When you first added homeschooling (and IT department) to your list of parenting duties last spring, it was pure chaos. But now that you’ve had nearly a year to get used to this whole Google classroom thing, you’ve pretty much got it all figured out… or so you think. We chatted with an elementary school teacher at a Manhattan public school to find out the stuff that she really (really) wants parents to stop doing while virtual learning.
Giving students the answers
This was by far the biggest pressure point for our teacher and her colleagues. Parents whispering answers into their child’s ear or gesturing off screen isn’t just disruptive, it’s also counterproductive to learning (but you knew that one already, right?). And if that’s not enough to make you reconsider your actions, heed these words: “Trust me—we can always tell when a parent gives their kid the answer…”
Talking in the background
Whether you’re going over your to-do list for the day (“one of my student’s parents always does this!”), asking your kid what they want for lunch or reprimanding a sibling, any background chatter while a lesson is in session is disruptive... for all the students. The fix? Get any chatter out of your system before your kid logs on (or wait until break).
Or doing anything at all in the background
“Please stop banging pots and pans like you’re in the musical STOMP while your kid’s class is in session!” our teacher implores. While it’s understood that many students are sharing devices and spaces right now, parents can help make the learning environment as productive as possible by minimizing distractions. “Dancing, drinking, turning on the TV...I have seen parents do it all,” she adds. “I have even seen parents clipping their toenails in the background!” Yikes.

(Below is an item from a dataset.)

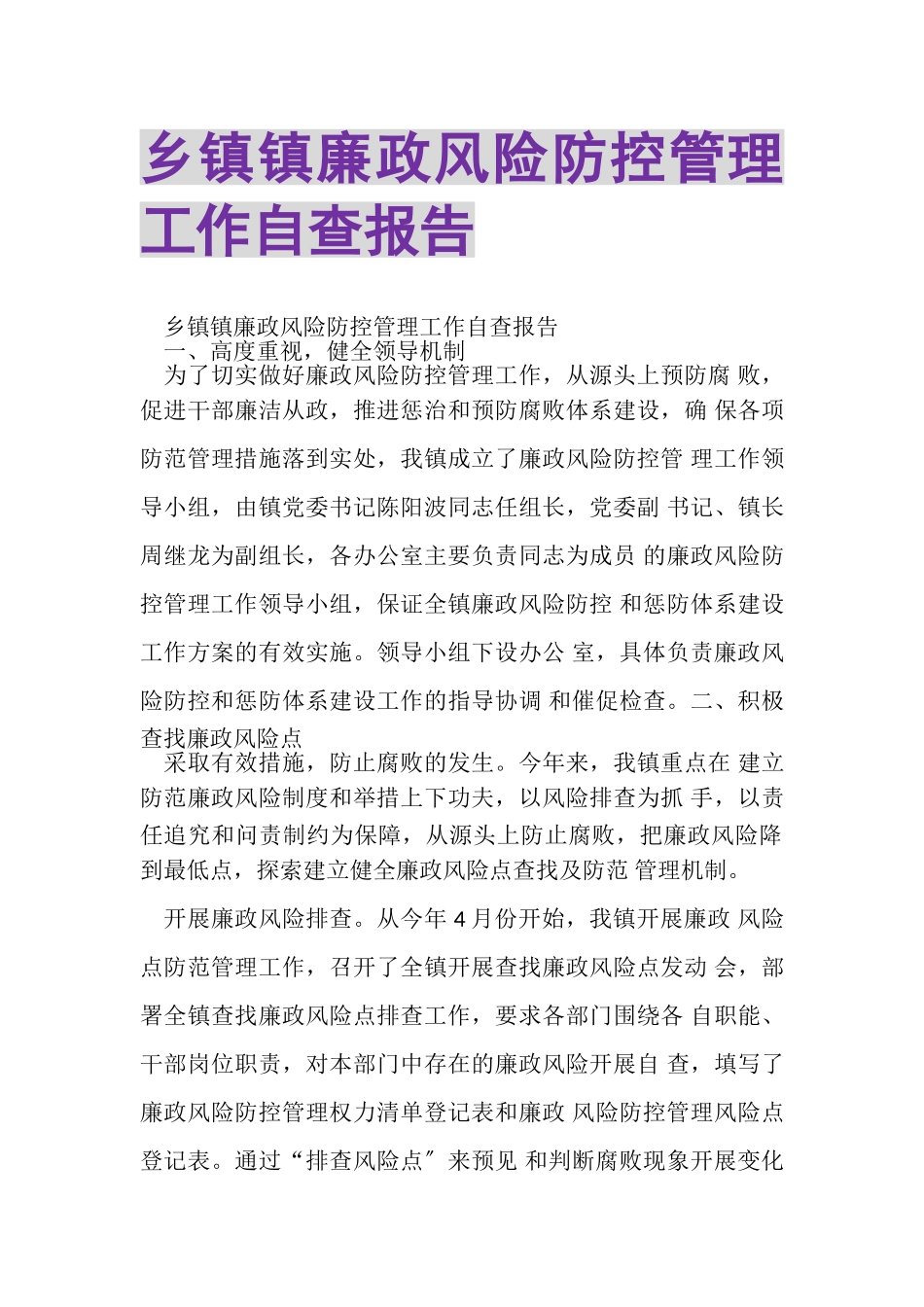 2023年乡镇镇廉政风险防控管理工作自查报告.doc_第1页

Asking questions during class time
Whether you have a question about homework, schedules or your own kid, please don’t ask it during class time. “I have office hours for this, which I gave you back in September,” our teacher tells us. “If you have any concerns about the assignment or about your child, please email me and I will be more than happy to answer your questions or set up a time for us to talk,” she adds. (And it goes without saying that arguing with the teacher over a grade while class is in session and other students are present is never appreciated.)
Quoting the teacher
For many students, having a parent in the room to supervise virtual learning can be helpful (your kid would rather play video games than do algebra, after all). But remember that you’re there to keep track of what the student is doing… not the teacher. “Please don’t passive aggressively quote me while airing grievances in parent teacher conferences a week later,” she says. Remember that if your kid was doing in-person learning, you wouldn’t have a front row seat to every lesson… so unless you hear something truly concerning, trust that the teacher knows what they’re doing and focus on your child’s learning instead.
Not wearing clothing
This one goes without saying, but everyone should be dressed while class is in session. But even if your spouse does happen to walk by the screen without his shirt on, just play it cool. “Drawing attention to it by apologizing just makes it worse!” she says. (Cue your screen—shirtless partner and all—going fullscreen for everyone.)